Making a Paddle

Russell carefully selects each birch, poplar and ash log from wood lots in North Eastern Ontario. The Cherry logs are sourced from the Sundridge, Ontario district. The logs are brought home and sawn by Russell. The sawing process is the beginning and the most important step in ensuring the logs are properly cut so that the grains run straight and avoid stresses.

The boards are kiln dried in our own kiln for several weeks.

Russell keeps a daily watch on the wood as it dries until it is properly cured.  

The wood is then brought into the shop where it is further sorted and only the best boards are used for paddles and yokes to ensure a quality product.


The Paddles and Yokes are hand crafted using several operations from drawing the pattern on the board, cutting it out with the band saw, putting it in the lathes to the final sanding - a total of 27 steps!  

The final step in sanding paddles removes just the right amount of wood to acquire the proper "whip" action.

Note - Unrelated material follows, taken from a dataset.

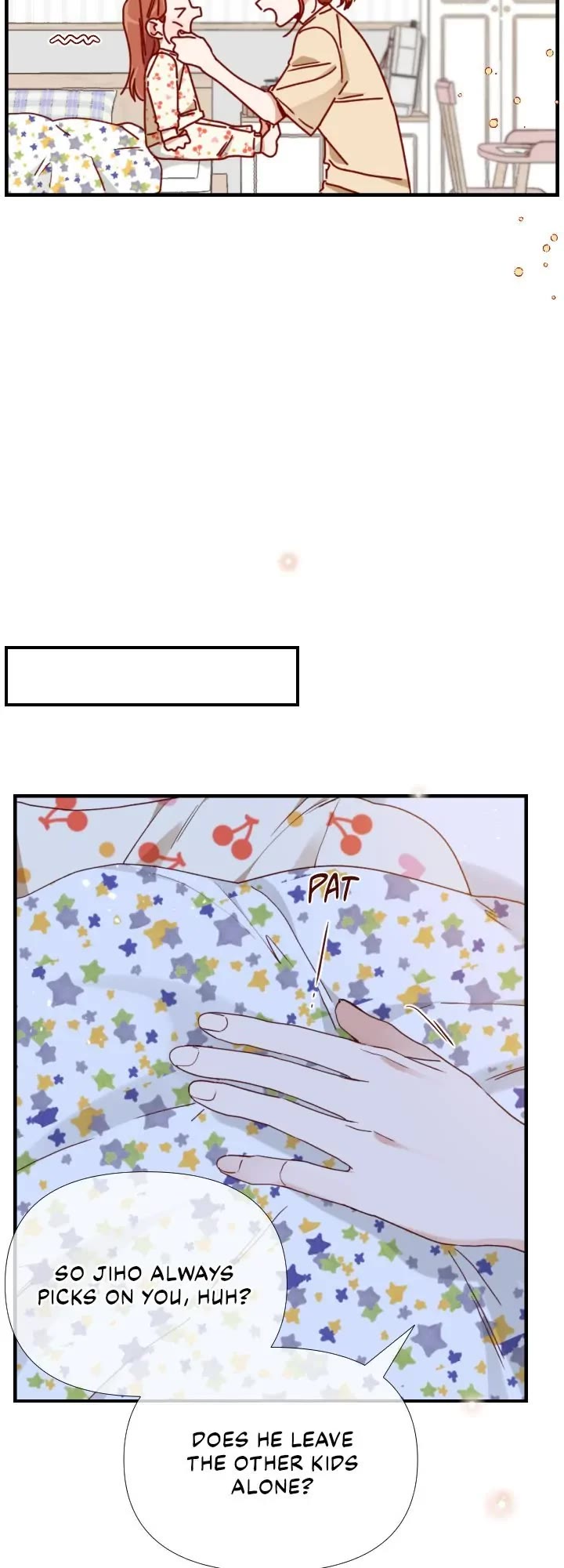 An Hour of Romance Chapter 175 page 9 - Chapter 175 [End of Main Story]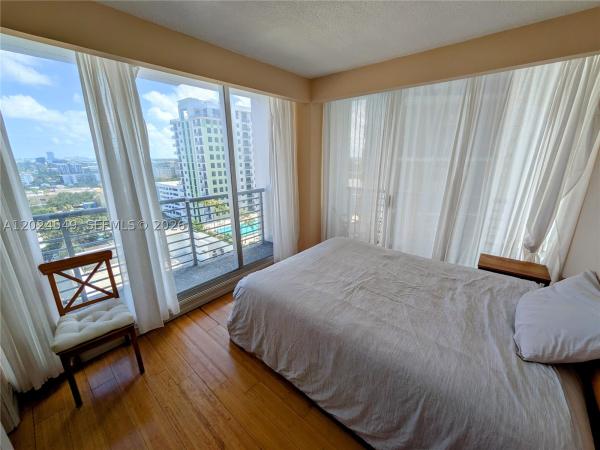 Home Tower, 1720 Harrison St #14D, Hollywood, Florida 33020, image 3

Russell gives each paddle and yoke the "flex" test to ensure their strength.

Finally the Yokes and Paddles are brought to the finishing room where they are dipped in urethane, sanded and then dipped twice more.  Audrey carefully inspects each paddle or yoke before packaging it.


We've put together this slideshow to give you an idea of the process!






Ash is very strong and is a golden brown colour.  It has a beautiful grain and medium to coarse texture.  Of all the woods we use Ash has the most whip action.


Birch has exceptional strength and a fine grain with even texture. It is our most popular wood for paddles.


Poplar has a straight grain and fine texture. It is a white wood and very light. We make our oars from poplar for its durability and weight.


Cherry has a beautiful grain, is lightweight and reddish brown in colour.


From the Tree to the Paddle our process brings out the best qualities in all the woods we use and we take great pleasure in providing you with strong, dependable and beautiful paddles, yokes and oars proudly carrying the Teal Duck Logo.